For years I have been pounding away at the body builder to develop his shoulders in proportion to the rest of his body. As I have said, he is somewhat confused on the subject because of the misunderstood idea that back spread represents shoulder width. He knows little or nothing about the exercises one should practice for this particular purpose, and when he does try them out, it is dollars to donuts that he does not like the meager exercises at his disposal.

True shoulder width must have a constructive foundation, and that foundation can only be muscle -- not make believe, as is gotten from the momentary spread of the back muscles. Something tangible and real, visible to the whether with your coat on or stripped for the beach.

These muscles are known as the deltoids -- the big shoulder muscles, which I prefer to call shoulder caps. They repose upon the shoulder points, capping the peak of the arm with a rounded mound of powerful muscle. When fully developed, they give added beauty to a well developed arm, and provide a striking appearance to the shoulders.

They originate from the clavicles (collar bones) and roll over the shoulders in series of layers that fold over the shoulders -- front, back and at the side -- and influence the arm in all its varied raising movements.
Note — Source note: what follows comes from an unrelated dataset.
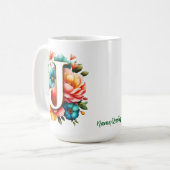 Mug Monogramme floral J avec fleurs pastel (Devant gauche)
The word deltoid means triangle, as typified by the Greek letter delta. As you study the deltoid you will notice its relationship with the trapezius (the muscle that is formed upon the shoulders between the deltoids, covering the back of the neck, and traveling down the back), and the pectoralis minor of the chest. Indeed, so similar is the deltoid origin with the trapezius that it is often referred to as a continuation of the trapezius, but it is not. It folds over the shoulder and end of the arm to become inserted into a thick V-shaped tension fastened about the middle of the humerus bone of the upper arm. This attachment explains the influence of the deltoid with the arm, and why all arm movement is significant with deltoid movement. 

Many a sturdy-armed athlete has wondered shy, despite his obvious large biceps and forearm muscles, why, despite his obvious large biceps and forearm muscles, he fails to perform creditably when trying to hold out a weight in a straight arm position, level with his shoulders, or when holding out the arm in front at right angles to the shoulders. He simply lacked proportionate deltoid development. This same discrepancy equally interferes with successful lifting to arms' length overhead. 

Since the deltoids have a functions affinity with the arms and the back muscles, particularly the trapezius, which are so powerful in aiding weights raised overhead, one can readily understand why inferior deltoid development would tend to offset some of the arm and back musculature operation and power. I have seen many powerfully developed athletes who had almost no conspicuous deltoid development. These same athletes never performed as well as one would expect from a glance at their apparent development. The casual observer overlooked the lack of deltoid prominence, but therein lay the answer to their inferior performance. Athletes who have a marked development of the deltoids invariably perform creditably. 

Fundamentally, we are interested in appearance as derived from muscular development, but at no time must the true body builder disassociate muscular development from strength. Perhaps you think that this cannot be done, since the general concept is that muscle is synonymous with strength. This is not always true. There are forms of exercise that stimulate a peculiar form of development that does not create proportionate power. Such muscle is coarsely textured. It represents the same difference we see between a thick, loosely woven rope, as compared with a more compactly woven wire rope, and the difference in strength is the same. 

Such type muscles never last. They are the puffball variety that are more ornamental than useful. Strength is the physical birthright of every man, therefore all his muscles should be strong muscles, and toward that end do I offer my  constructive advice. 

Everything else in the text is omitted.